このキャンペーンはCensys上でのオープンディレクトリ脅威ハンティング中に検出され、露出したSliverのデータベースとログから広範な侵害活動が判明した。
影響を受けたFortiWebデバイスの多くは5.4.202から6.1.62までの旧バージョンを実行しており、統合された検知および監視機能を欠いていた。
FortiWebに対して使用された正確なエクスプロイトは不明のままだが、デバイスはいずれも大幅に旧式だった。侵害後、攻撃者はオープンソースのSliver C2ツールキットを展開し、バイナリ名を「system-updater」に変更して、/the/bin/.root/system-updater のパスに配置した。
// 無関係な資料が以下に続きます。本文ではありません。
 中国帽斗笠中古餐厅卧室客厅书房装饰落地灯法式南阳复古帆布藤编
コマンドハブとして2つの主要C2サーバーが特定された:ns1.ubunutpackages[.]store と ns1.bafairforce[.]army で、いずれも自律システム62005の下で登録されていた。
運用者はこれらのサーバーを欺瞞的なウェブサイトの背後に隠し、偽の「Ubuntu Packages」ページや、バングラデシュ空軍の募集サイトを模したページなどを用意していた。
バングラデシュをテーマにしたインフラは、同国に所在する複数の被害者と密接に一致しており、この作戦が機会的なものではなく、標的型であった可能性を示している。
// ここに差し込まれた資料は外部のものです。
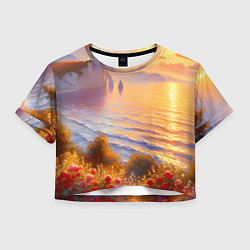 Футболка 3D укороченная женская Рассветный залив, цвет: 3D-принт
2025年12月22日から12月30日にかけて、研究者はこれらのSliverインスタンスにビーコン通信する30件のユニークな被害者IPを記録しており、バングラデシュ、パキスタン、インド、南アフリカ、米国に拠点を置く組織が含まれていた。
永続性を維持するため、脅威アクターは「Updater Service」と「rootbinary」という名称で悪意のあるsystemdおよびsupervisorサービスを設定した。
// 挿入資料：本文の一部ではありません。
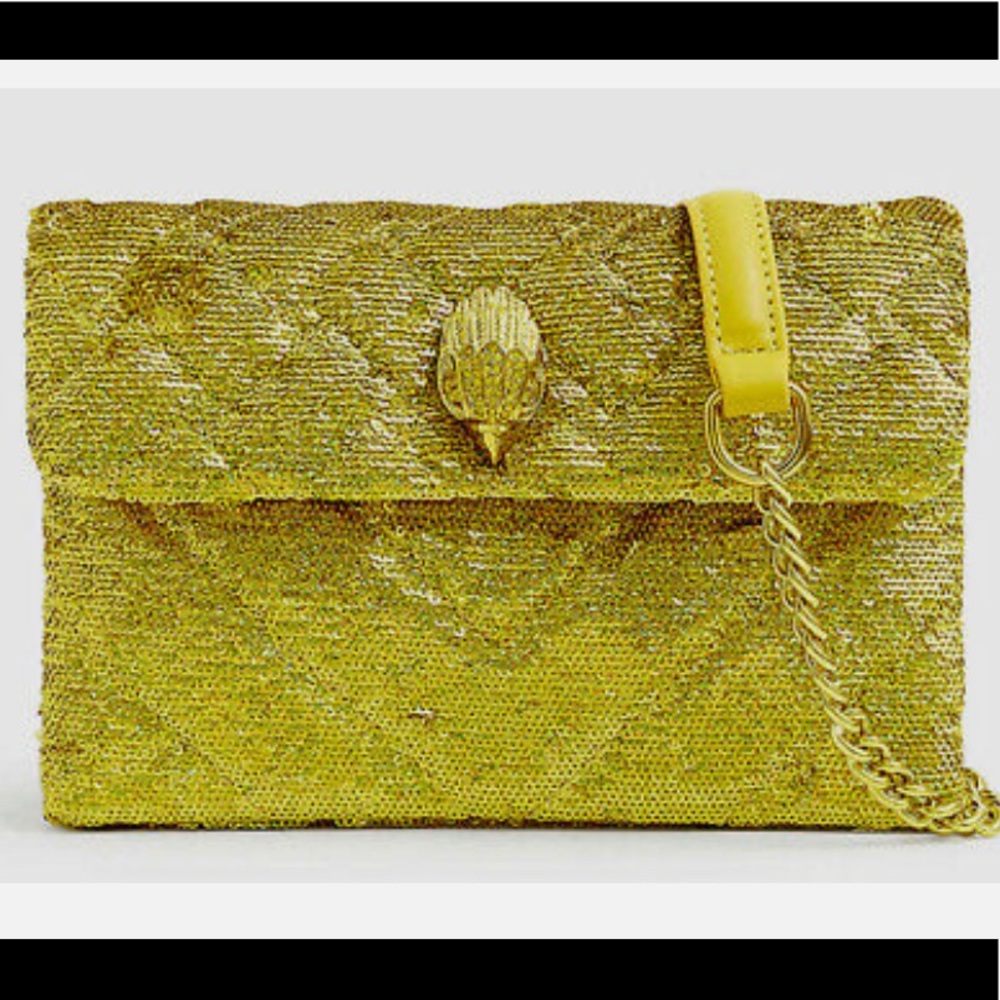 Kurt Geiger Kensington Yellow / Gold Sequin Convertible Bag Sz Medium NWOT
これにより、システム起動時またはプロセス障害後にSliverバイナリが自動実行されることが保証され、MITRE ATT&CKの永続化手法T1543.002に該当する。
永続化にとどまらず、攻撃者はFast Reverse Proxy(FRP)ツールを展開してアクセスを拡大しており、これは45.83.181[.]160:8003の公開サーバーからダウンロードされていた。
FRPサービスは内部ネットワークリソースを外部ネットワークに公開するために使用され、その結果、侵害されたFortiWebホストがリモートコマンド実行のためのプロキシノードへと変えられた。
さらに、攻撃者はSOCKSプロキシ用にMicrosocksを使用し、バイナリを「cups-lpd」に偽装して、ポート515上の正規のCUPS印刷デーモンを模倣した。
このバイナリには任意のハードコードされた認証情報まで含まれており、特定の実行時オプションで設定した場合に、リモートから認証済みアクセスを可能にしていた。
このキャンペーンは、エンドポイント保護や脅威テレメトリを欠く旧式のエッジアプライアンスがもたらす継続的なリスクを浮き彫りにしている。
適切な監視がなければ、これらのデバイスは、Sliverのような侵害後フレームワークを展開する攻撃者にとって理想的な足掛かりとなり、企業ネットワーク全体にわたる長期かつ検知されにくいアクセスを可能にする。